# Flammen, Brennendes ect.



## Menschenjäger (29. November 2002)

Hi!
Ich wollt mal fragen wie ich so in meinen Hintergrund Brandflecken herbeckomme....und ich such immernoch Brushes....speziell dirty und alles was so schmutzig, verbrannt, brennend....nocturna und triberadio kenn ich schon....bzw. könnt ihr mir ein paar tipps geben wie ich so ein schmutziges (möglichst realwirkendes) Hintergrundbild hinbekomme? Das wäre echt supertoll...aso bei mir im Photoshop steht alles auf englisch  wäre cool, wenn ihr tips habt mir die dazugerhörige funktion auch auf englisch hinzuschreiben...oder wisst ihr wie ich mein Photoshop in deutsch umwandeln kann? (ich habs verpasst bei der Installation Deutsch zu wählen (()

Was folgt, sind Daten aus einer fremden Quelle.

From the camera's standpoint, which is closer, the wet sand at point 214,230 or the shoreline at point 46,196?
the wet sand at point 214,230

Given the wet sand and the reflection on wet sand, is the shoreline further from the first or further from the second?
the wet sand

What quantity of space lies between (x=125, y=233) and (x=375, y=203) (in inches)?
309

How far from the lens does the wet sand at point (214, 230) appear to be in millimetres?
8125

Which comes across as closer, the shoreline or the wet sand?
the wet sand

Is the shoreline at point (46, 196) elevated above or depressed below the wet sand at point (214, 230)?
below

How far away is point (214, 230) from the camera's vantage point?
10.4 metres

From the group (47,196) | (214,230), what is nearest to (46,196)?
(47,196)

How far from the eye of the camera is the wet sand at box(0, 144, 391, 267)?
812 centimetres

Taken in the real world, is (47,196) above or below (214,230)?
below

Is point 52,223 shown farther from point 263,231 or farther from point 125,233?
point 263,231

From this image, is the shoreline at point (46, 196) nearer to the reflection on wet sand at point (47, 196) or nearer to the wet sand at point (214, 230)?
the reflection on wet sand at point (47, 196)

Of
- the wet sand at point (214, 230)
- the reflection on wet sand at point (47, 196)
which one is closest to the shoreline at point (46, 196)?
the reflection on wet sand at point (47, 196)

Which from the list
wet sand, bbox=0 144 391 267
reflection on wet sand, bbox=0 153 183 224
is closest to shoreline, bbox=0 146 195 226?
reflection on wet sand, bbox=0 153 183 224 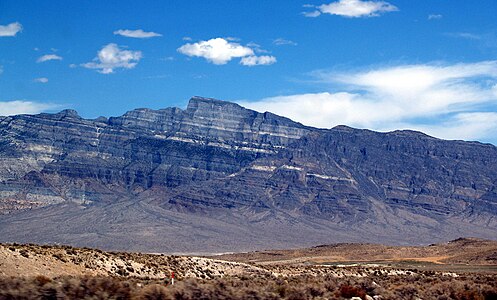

Vielen Danke schonmal!!!!!!!!


----------



## Thomas Lindner (30. November 2002)

1.) 

2.) Regeln PS - Forum lesen ( s.a. 1) )

3.) Zitat Original bei Tutorials Member "AS":



> Resources@Devianart
> Sollte reichen...


----------



## Menschenjäger (30. November 2002)

aha...vielen dank für die tolle Antwort was is s.a. 1?
Und was hab ich bitteschön falsch gemacht das du hier son komischen Kram schreibst???
Ich bin neu hier und poste zum erstenmal...und von Regeln find ich hier auch nix....na dass is ja ein tolles forum hier...man bekommt echt gut hilfe...pff


----------



## Kaprolactam (30. November 2002)

Nu hör schon auf zu heulen, er hat dir ja geholfen. Klick doch einfach mal auf den Link...

/Kapro


----------



## Menschenjäger (30. November 2002)

oh hab ich gar net gesehn, sorry


----------